A few years ago, I planted a beautiful little golden thryallis bush. I placed it in an area with rich soil to provide the proper nutrients. I ensured it received ample sun and water, and it began to grow very well. As it seemed to have settled in nicely, my attention waned.
One day, however, I saw the thryallis had been covered by a vine, wrapped so tightly it was difficult to remove. I pulled out the unwanted vine from the ground, but a month later, I found the vine once again strangling my thryallis. This time, I dug down deep into the soil to remove the full root of the vine. Problem solved.
Getting to the root
I find the issues we face in Rackspace Data Center operations to be very similar.

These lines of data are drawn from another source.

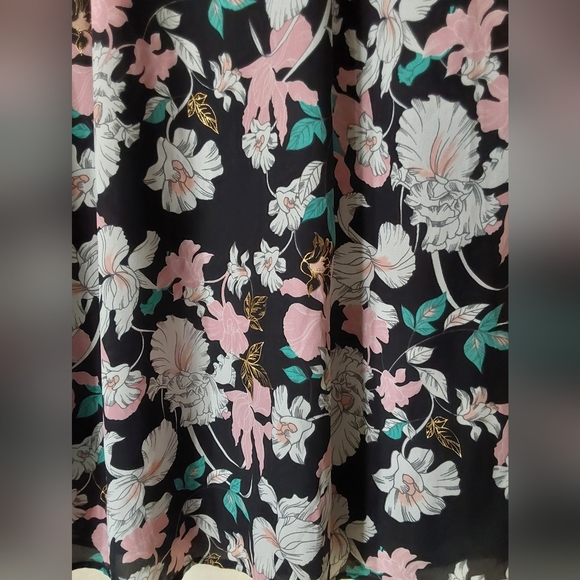 Everly Dress, Juliette Floral Foil Shift Sleeveless Dress, Size Medium - Picture 3 of 11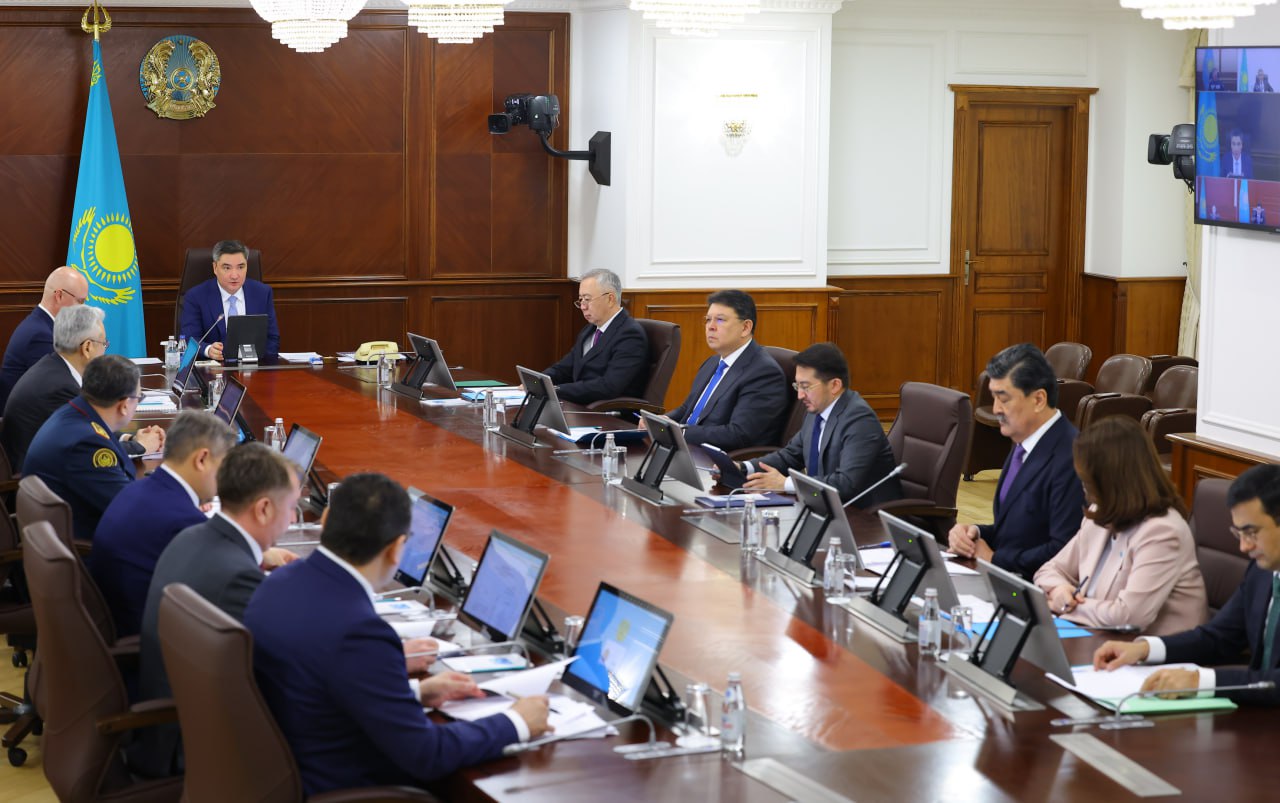 Бектенов: Жүргізіліп жатқан ауқымды өзгерістер Қазақстанның кез келген сын-қатерлерге төтеп беруін қамтамасыз етеді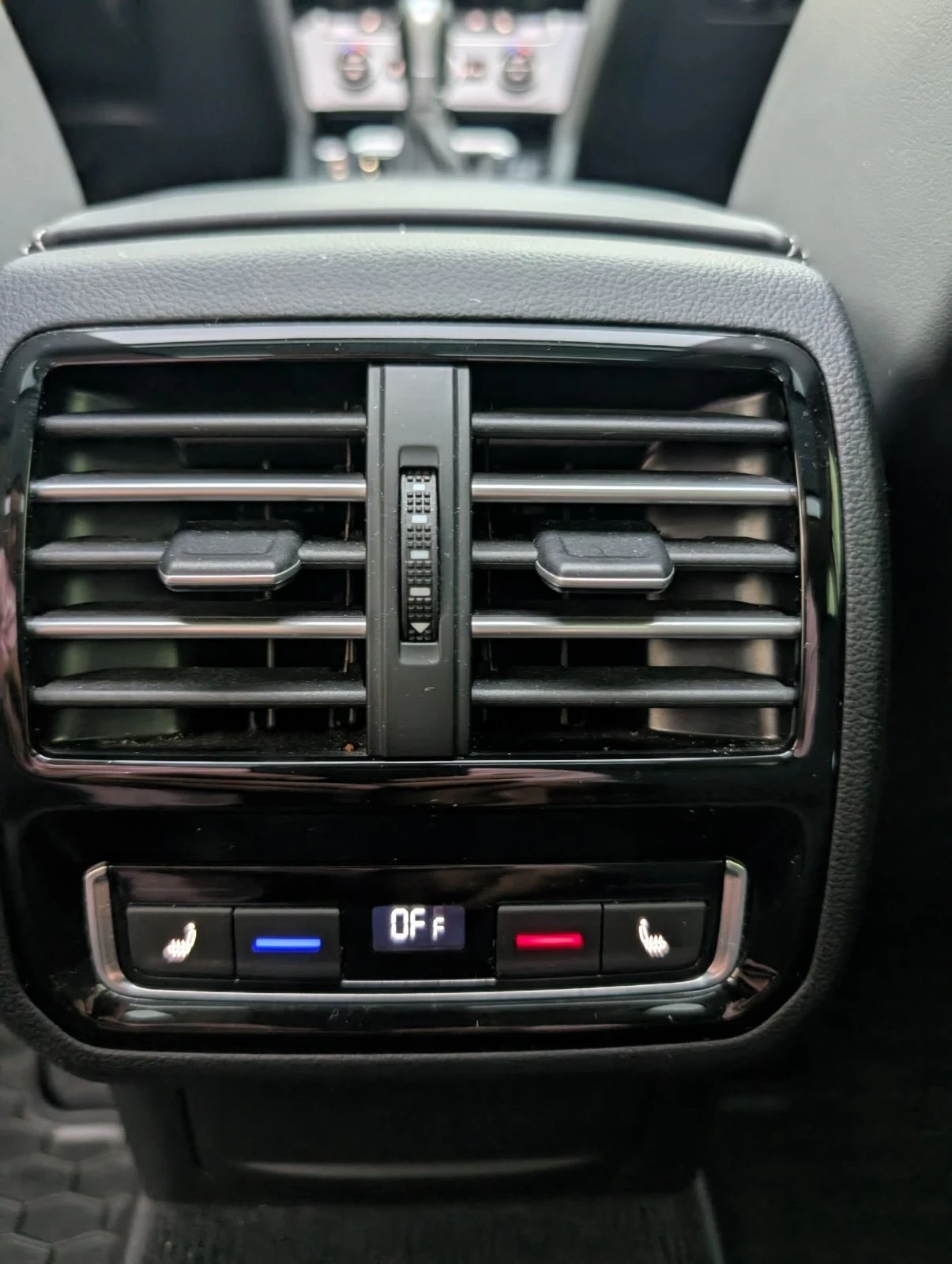 VW Passat R-line BiTdi, снимка 8 - Автомобили и джипове - 56075315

As we implement new processes and policies and roll them out in an environment conducive to their adherence, we see great results. However, when we lose focus, issues can crop up quickly, latching on to the process unnoticed. The issue begins choking the process, competing for nutrients, and causing the activity or environment to create unintended results. If we simply address the symptom (the vine) and not the cause (the root), the issues surface again and again, creating undesired outcomes.
When I first came to Rackspace to lead data center operations, I noticed these issues… a lot. We were good at “fixing” symptoms and diving in to save the day, but not solving issues at their root causes. The work was frustrating. Rackers worked hard to deliver results, but achieved inconsistent outcomes.
In response, we implemented a new root cause analysis methodology to change the approach from fixing to solving. The RCA methodology at Rackspace leverages fishbone (ishikawa) diagrams combined with the Lean Six Sigma “five whys” approach.
Five nines uptime
Integral to the methodology is engaging a combination of those specifically involved in the process or event that resulted in an undesired outcome as well as the subject matter experts. This small team diagnoses what happened (detailed summary) and the potential causes (fishbone diagram), then is able to determine the actual causes (five why’s). Actions are then agreed on to address those identified causes.
These actions show up in adjustments to process and policy standardization, changes to automation, and large or small projects to improve architectural designs, upgrade code versions or replace unreliable parts.
At Rackspace, we’ve leveraged this RCA methodology hundreds of times for issues ranging from a late delivery, a safety near miss and a customer-impacting disruption and seemingly everything in between. Thousands of actions have been implemented to continue to narrow the opportunity for error.
The results? Five 9s uptime — yup, that’s 99.999 — year after year, and an army of Rackers who are always thinking beyond the obvious symptoms to root causes. This is how we create fanatical outcomes for our customers. This is the Rackspace difference.